Die nordirischen Unionisten sind seit langem in der Defensive. Zwar verfügen sie im Regionalparlament noch über eine knappe Mehrheit. Aber diese werden sie heute voraussichtlich verlieren. Das wäre das letzte Kapitel in einer Entwicklung, die seit Jahrzehnten anhält. Denn in den wichtigen Ortschaften haben die nordirischen Nationalisten die politische Führung bereits übernommen, vor allem weil sie mehr Kinder haben.

Auch die Hauptstadt Belfast ist seit langem in der Hand der katholischen Nationalistenpartei Sinn Fein, des politischen Arms der einstigen IRA-Rebellen. Ihr wichtigstes Ziel bleibt die Vereinigung mit der Republik.

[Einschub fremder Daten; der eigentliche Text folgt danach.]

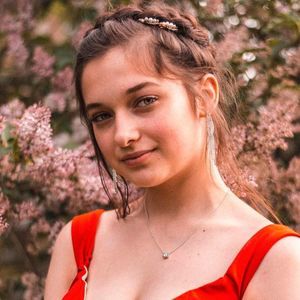 Meet your Posher, Karol-ann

Und das wollen sie mit einer neuen Volksabstimmung erreichen. Schon 1973, auf dem Höhepunkt der «Troubles», ist es zu einem Referendum gekommen. Die katholischen Nationalisten, damals in der Minderheit, boykottierten aber die Abstimmung, weil sie aus ihrer Sicht ohnehin verloren war. Jetzt stehen die Zeichen genau umgekehrt. Bei einem neuerlichen Referendum würden mit grosser Wahrscheinlichkeit die irischen Nationalisten gewinnen.

Die Position der protestantischen Unionisten hat sich mit dem Brexit zusätzlich verschlechtert. Denn die EU verlangt eine innerbritische Grenze zwischen der Hauptinsel und Nordirland, damit keine unverzollten Waren in die Republik gelangen. Damit fühlen sich die Unionisten von ihrem Mutterland abgehängt und in die ungeliebte Republik gedrängt. Das verheisst Schlechtes für Nordirland. Denn die Geschichte zeigt: Wenn immer sich in dieser unseligen Ecke des Königreichs eine Seite schwach fühlt, kommt es zum Eklat.